Through our experiences we take on limiting thoughts and beliefs about ourselves.
Exercise
To discover the negative language you use with yourself, your labels, and the limitations you put on yourself, start paying attention.
1. For seven days notice the language you're using with yourself. Pay close attention.
Writing down your negative and limiting language will help you identify patterns. Don't judge yourself harshly; it's simply where you are right now. You're changing that!
2. Ask yourself the following questions.
Are many of my words negative?
Am I labeling myself?
Am I putting any limitations on myself?
Do I have negative beliefs about myself?
3. Challenge any limiting thought or belief you have about yourself by asking the following questions.

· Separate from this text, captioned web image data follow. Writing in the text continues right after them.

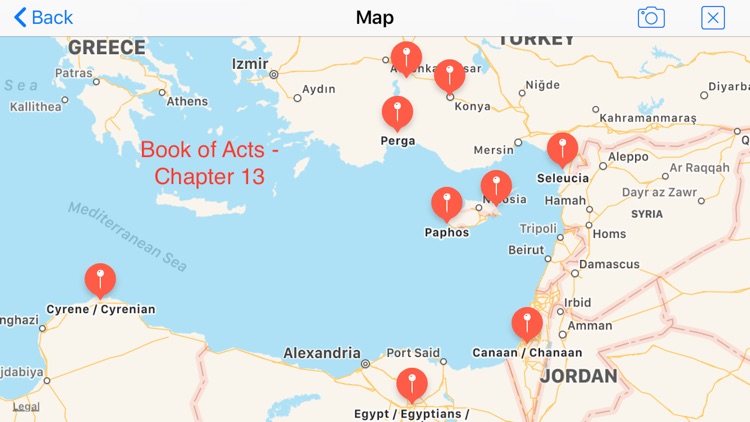 BibleBento Plus screenshot-4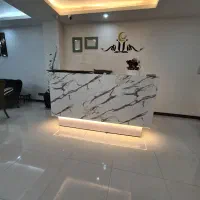 تعدادی وسایل و تجهیزات سالن زیبایی و درمانی|آرایشگاه و سالن‌های زیبایی|کرج, شهرک بنفشه|دیوار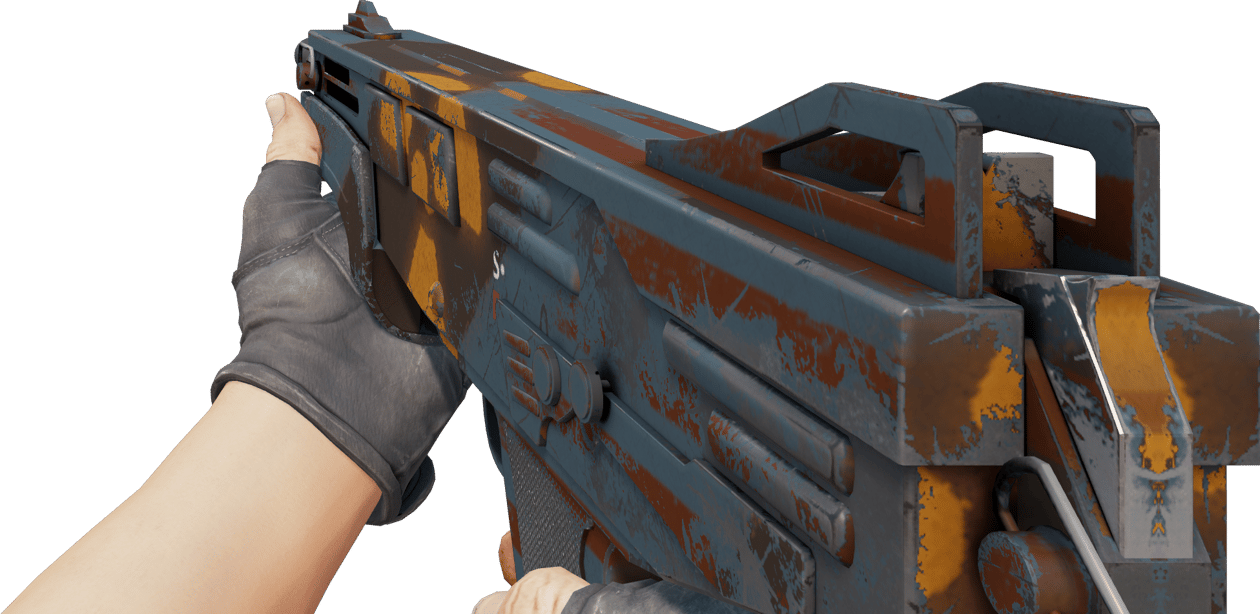 Preview image 3 of MAG-7 | Risque d'irradiation (Testée sur le terrain)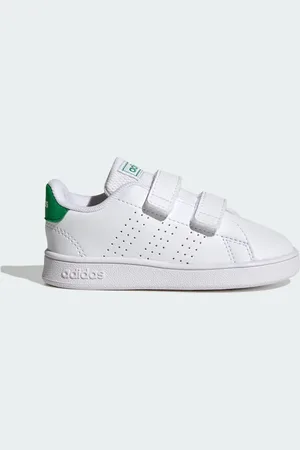 adidas Scarpe Advantage Lifestyle Court Two Hook-and-Loop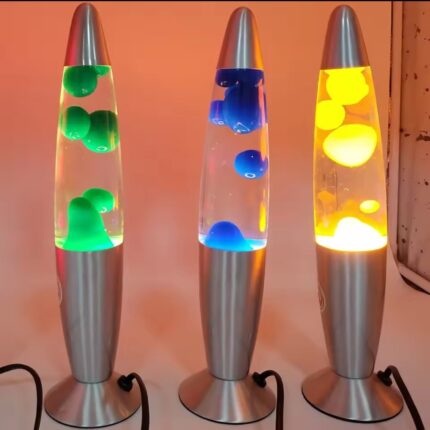 Lava lampa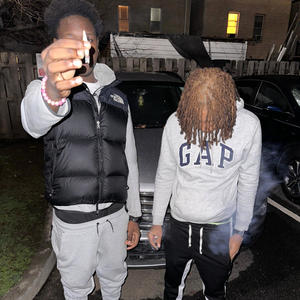 Boomerz (feat. Ray38) (Explicit)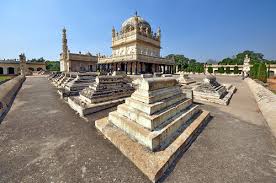 India - Karnataka - Srirangapatna - Gumbaz Mausoleum of Tipu Sultan - 2012 | Flickr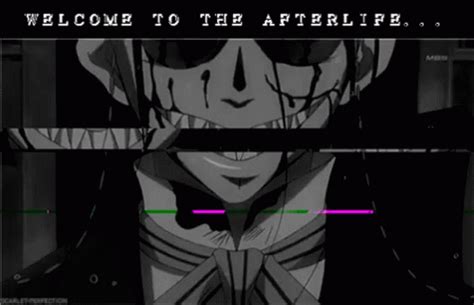 Creepy Creepy Smile GIF - Creepy CreepySmile Anime - Discover & Share GIFs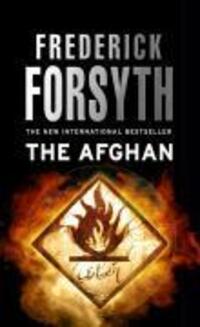 Cover: 9780552155045 | The Afghan | Frederick Forsyth | Taschenbuch | Englisch | 2007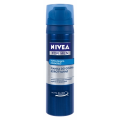 NIVEA FOR MEN - NAWILŻAJĄCA PIANKA DO GOLENIA (MILD) 200 ML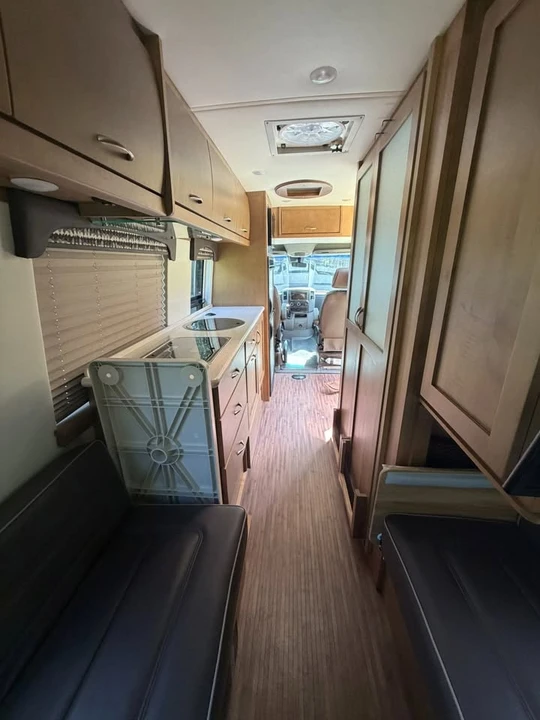 2018 Mercedes-Benz NCV3 Sprinter - Image 12 of 20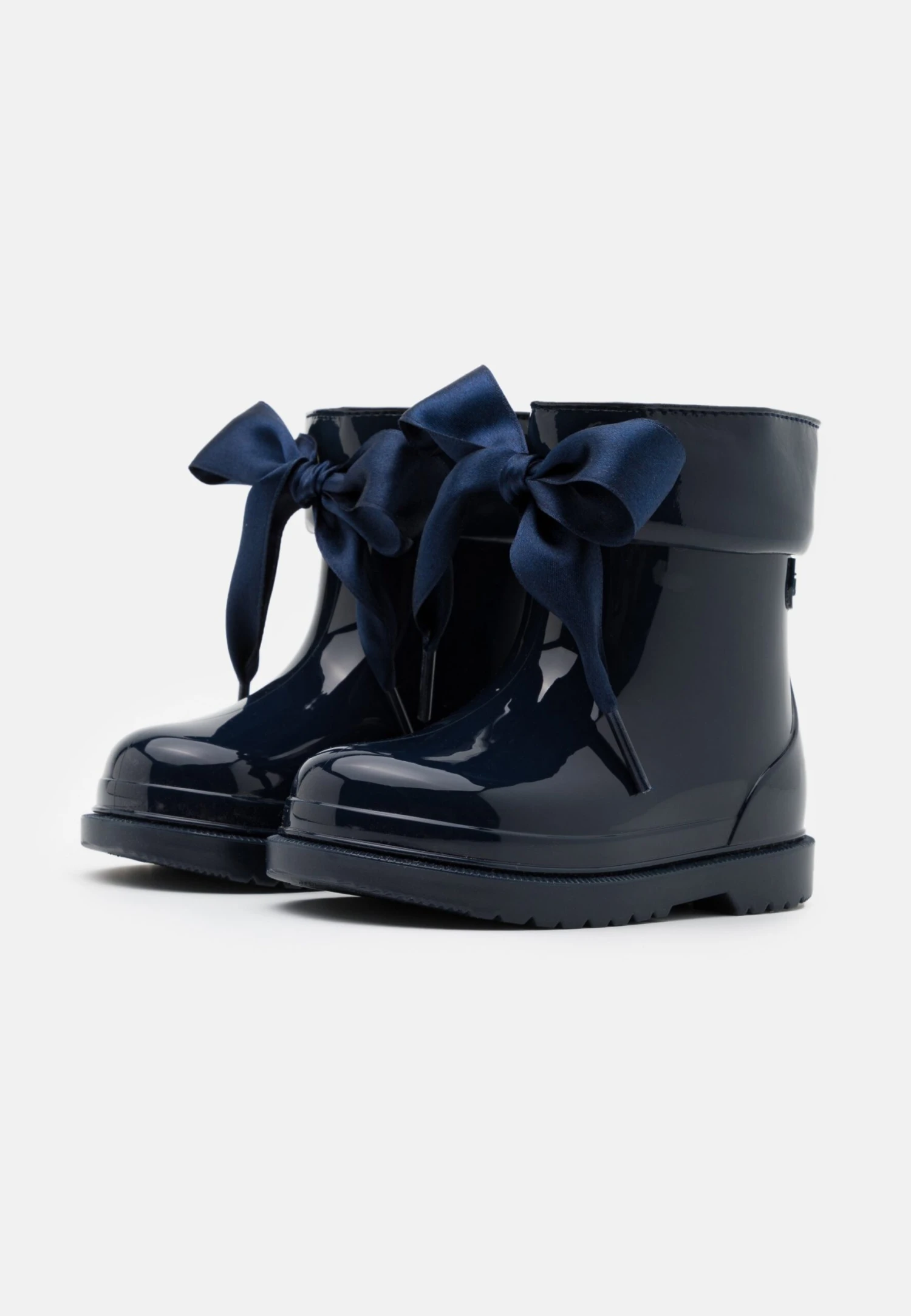 Igor Bimbi Lazo - Regenlaarzen - Marino - Afbeelding 2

Is it true? Is it absolutely true?
What does holding onto this serve me?
Who would I be without this?
What would my life be like without this?
4. Compile a list of all the negative words you're using.
5. Cross out the negative words, and replace them with empowering ones of your choice. For example, instead of saying "should," replace it with "choose."
Carry your empowering words with you as a visual reminder. When you catch yourself using a negative word, repeat what you said with a more empowering word. Over time, you'll express empowering words naturally without effort or thought.
Tip: A great tool to bring you acute awareness of your negative thoughts is to wear a rubber band on your wrist. Every time you say negative or limiting words, snap the rubber band. It works!